Claus Birkelyng of the North Zealand Immigration Center admitted that "asylum cards" are issued automatically once the applicant claims to have lost it. Consequently, there are no statistics on the exact number of the lost cards. An asylum seeker's ID is not equipped with a unique serial number, and the Danish authorities admittedly have difficulties in establishing what happens to a card that "disappears."
Copenhagen Police constable Rud Ellegaard acknowledged numerous cases of people without legal residence trying to identify themselves with somebody else's "asylum cards." According to Ellegaard, dissolving identity suspicions is a long process involving fingerprinting. Another source related to the asylum process told Danish Radio that it was a "well-known fact" that asylum seekers can give their cards away at will or simply sell them. Surprisingly, Danish Immigration Service press officer Nils Bak himself was found to be well aware that asylum seekers may hold more than one ID card, as well as share them with unentitled people.

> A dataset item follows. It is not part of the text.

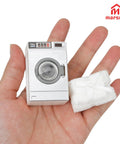 Big Time Hit Miniature Washing Machine Featuring Smooth Operable Lid And 1/12 Scale White Towel Set Serious Flex For Dollhouse Furniture And Cozy Room Decor Display Collection held in hand.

"It shows very clearly that there is a hole in the system that is needed be plugged," Danish People's Party immigration spokesman Martin Henriksen, chair of the Immigration and Integration Committee, told Danish Radio. "This is not how the system should work. It sounds crazy that we spend a lot of resources on registering people, and then they simply trade their identity this way," he added.
"Given Danes' willingness to help people on the run, they also expect us politicians to be able to figure how to separate the wheat from the chaff and not to help house people who are not entitled to reside in the country," Mattias Tesfaye told Danish Radio.

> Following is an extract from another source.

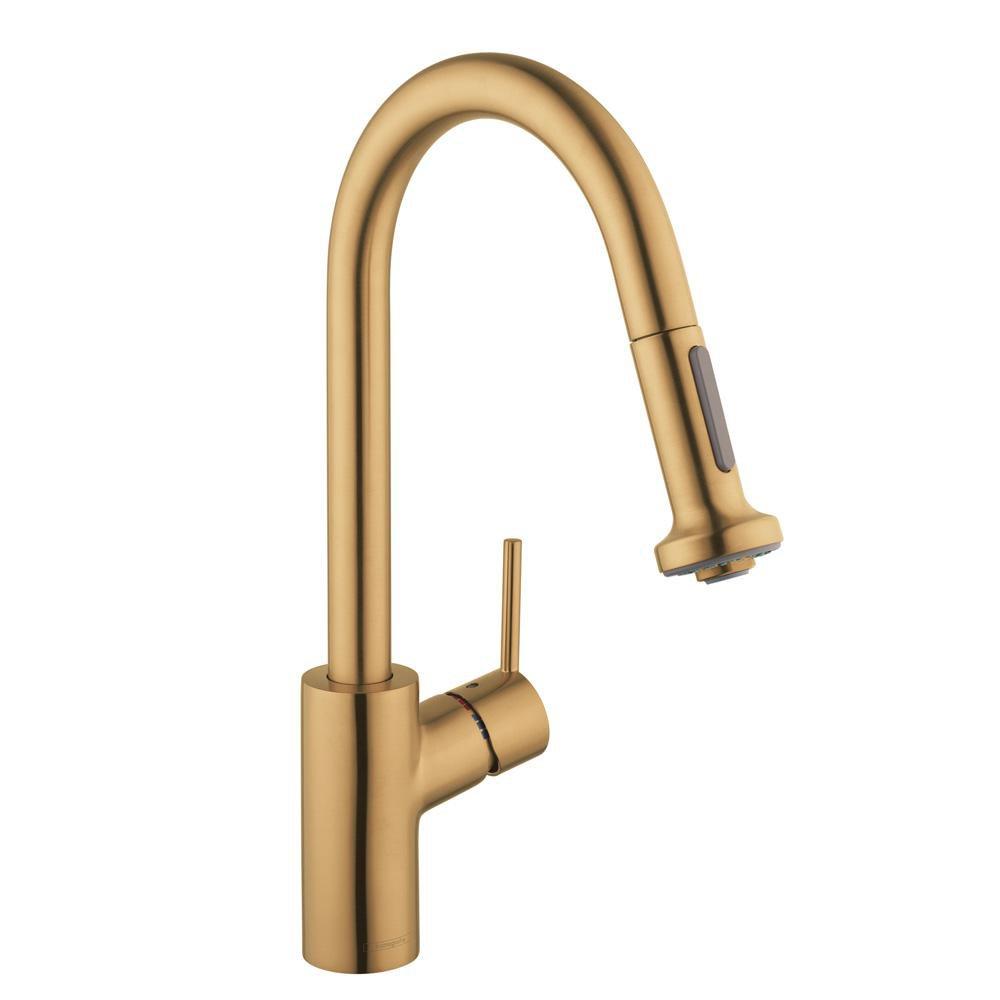 Talis S HighArc Kitchen Faucet, 2-Spray Pull-Down, 1.75 GPM in Brushed Gold Optic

With another person's ID in their possession, illegal immigrants may obtain a legal basis for cheating and pretending to be asylum seekers. While "asylum cards" formally do not have the status of an official document, very often they are the only ID arriving refugees can produce. Incidentally, an asylum seeker's ID can yield other bonuses, as they are used, among other things, by the Red Cross in connection with accommodation and free meals at reception centers.
The concept of "illegal immigrants" includes foreigners from outside the EU who have arrived in Denmark without a valid visa, as well as asylum seekers who have been refused asylum, yet failed to leave the country. In 2016, at least 18,000 illegal immigrants were found to be living under the police's radar in Denmark, a nation of 5.6 million.